Boynton coauthored one of the first scientific papers that implicated excess nitrogen washing into the Chesapeake from farms, parking lots, and other human sources as a key driver of the eutrophication process, which has damaged the Bay and other estuarine ecosystems worldwide. He and a variety of collaborators worked to persuade natural resource managers and policy makers to monitor nutrients in the Bay and to take bold actions to reduce nutrient loads. Eventually leaders responded with a series of management plans now credited with lowering amounts of nutrients in parts of the Chesapeake’s vast watershed. Boynton helped to design the Chesapeake Bay Program’s monitoring effort, which began in 1984 and is considered one of the best in the world.
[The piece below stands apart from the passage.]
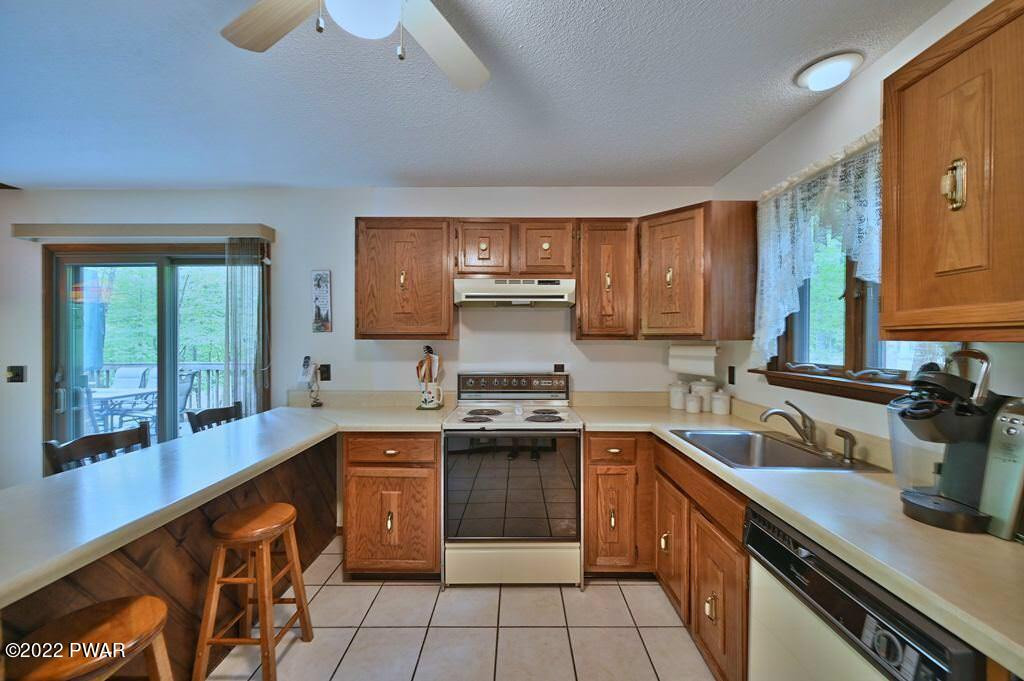 117 Tanager Road Lackawaxen, PA 18435 - Photo 21 of 61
“Environmental science is a ‘we’ deal, not a ‘me’ deal,” Boynton added. “Whatever progress I’ve contributed, it’s because I stand on the shoulders of the people who have gone before me and I hold lots of hands.
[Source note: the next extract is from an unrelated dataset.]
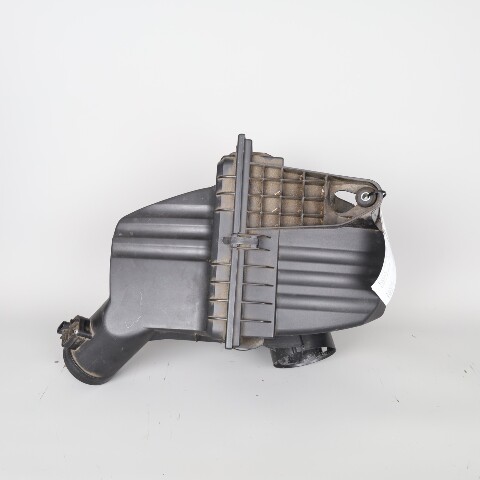 2012-2016 BMW 528i 2.0 Air Cleaner Filter Box 13717612014 OEM Used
Boynton was hailed by the selection board for his wide-ranging and foundational research, which has offered new insights into how the Bay’s ecosystem works. His pioneering research about the Bay’s ecosystem dynamics provided new understanding of the causes and ecological consequences of the decline of seagrasses. In addition, his research on the decline of the Bay’s striped bass population contributed to the adoption of a fishing moratorium, which helped the population to rebound. More recently, Boynton published findings detailing how long-term management practices to reduce nutrients can lead directly to improvements in Chesapeake Bay ecosystems, as measured by higher abundance of seagrasses, clearer water, and smaller blooms of algae.
“Walter is widely appreciated for his scientific genius and dogged pursuit of important questions,” said Don Boesch, president of the University of Maryland Center for Environmental Science.
Boynton’s long list of influential public speaking and engagement projects includes advising members of Congress, Maryland’s legislature, and local officials. He is known for his lively, friendly public speaking style that puts in simple terms both scientific concepts and the need to continue efforts to preserve the Bay.
“Walter has helped us adopt policies that are based on science,” said Ann Swanson, executive director of the Chesapeake Bay Commission. “All around the world they wonder how we’ve done that and we’ve done that because of people like Walter.”
Board members also applauded his work as a mentor for students and especially his efforts to educate the public about coastal science.
“Walter is a gifted, passionate, and supportive teacher,” said Tom Miller, director of UMCES’ Chesapeake Biological Laboratory. “Students who have taken courses with him and those of us who are lucky enough to have taught alongside him know what an amazing educator and advisor he is. I would argue Walter’s largest and longest impact would be to the generation of young minds he has touched over the years. “
Since the Mathias Medal was established in 1990, only six have been awarded, including one to Eugene Cronin, another pioneer in Bay science who hired Boynton for his first job at the Chesapeake Biological Laboratory when he was director in the late 1960s.